DEV Community

Marianne
Marianne

Posted on • Updated on

From Parse Tree to Evaluator (featuring Sarah Withee)

Summary

A parser generator like ANTLR won't handle evaluating programs written in your new language. You need to write the code for that yourself. Marianne explains how to build an AST from a parse tree, create an evaluation loop, and how esolangs (esoteric programming languages) make for great learning tools.

Links

Bonus Content

Become a patron to support this project.

Book Club: Thinking in Systems

If you're interested in learning more about stock/flow system models or have just had Thinking in Systems by Donella H. Meadows on your reading list, I'm giving people a free one month pass to the MWaPL private community for patrons in order to read it with us. Request a free pass here

Transcript

MB: When I first started releasing episodes of this series a few people asked me to put them up on Youtube as well as traditional podcasting channels. This is going to be the episode where that comes in handy. Today I’m going to talk you through how you take the output of a parser generator and build an evaluator loop on top of it that can run programs. If you find yourself thinking “I really can’t visualize what she’s talking about”, I encourage you to look up this episode on Youtube because the Youtube version includes screen caps of code that might make it easier to understand.

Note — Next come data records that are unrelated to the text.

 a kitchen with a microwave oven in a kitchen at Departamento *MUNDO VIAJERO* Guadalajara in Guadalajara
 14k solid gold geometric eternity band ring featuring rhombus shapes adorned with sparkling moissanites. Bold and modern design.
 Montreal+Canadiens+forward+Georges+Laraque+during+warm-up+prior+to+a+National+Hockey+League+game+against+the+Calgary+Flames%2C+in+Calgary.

MB: Funny enough in my first draft of this series this episode did not exist. That’s the challenge of learning things— once you understand them, they begin to feel obvious and trivial and you forget that they have to be explained to other people.

MB: Right. So...

MB: If you decided to write your own parser then the question of how to connect the parser output to an evaluator loop is simple, but if you’re like me and you wanted to leverage the mature tools that exist to do some of this stuff for you it is not immediately obvious what you should do after you’ve fine tuned your grammar and generated your parser. A parser is NOT a programming language.

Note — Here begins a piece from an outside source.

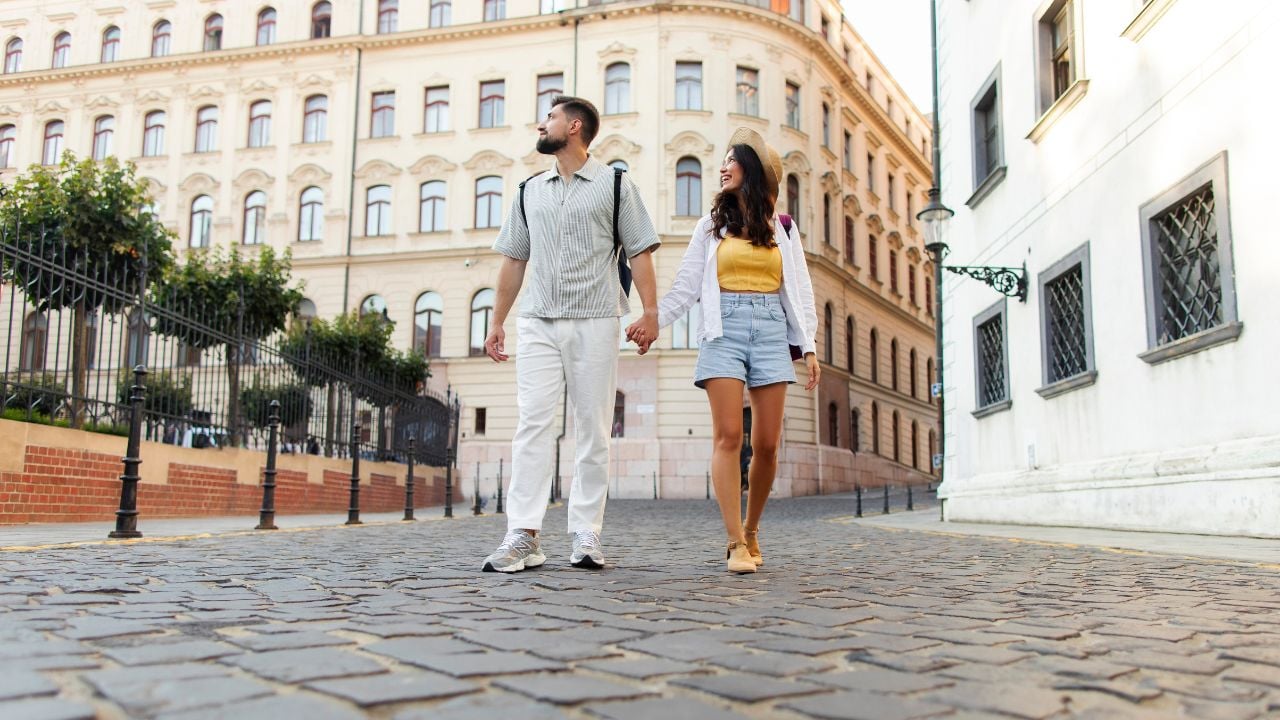 Happy tourists walking down a cobblestone street in a European city.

MB: I’ve been using ANTLR to generate my parser and lexer so some comments will be specific to that, but the general concepts will be applicable to other tools so you should be able to follow along if you’ve chosen something else.

MB: In the language I’m building I don’t want global functions. Therefore when we think of a grammar as breaking a file into smaller and smaller chunks of valid code there are only three types of code that can be in a program: declarations, assertions and for statements. The for statements I’m referring to in this programming language are a bit different than you’re expecting. Because stock-flow models are themselves designed to run in a bounded loop. The for statements in my language are not for loops, the are configuration settings for the model’s internal loop.

MB: But I digress. Assertions aren’t really important at this stage of the language development so that leaves just declarations. The first level of our grammar is the spec file, the second level is a set of declarations, the third level are all the possible declarations: constants, stocks, and flows.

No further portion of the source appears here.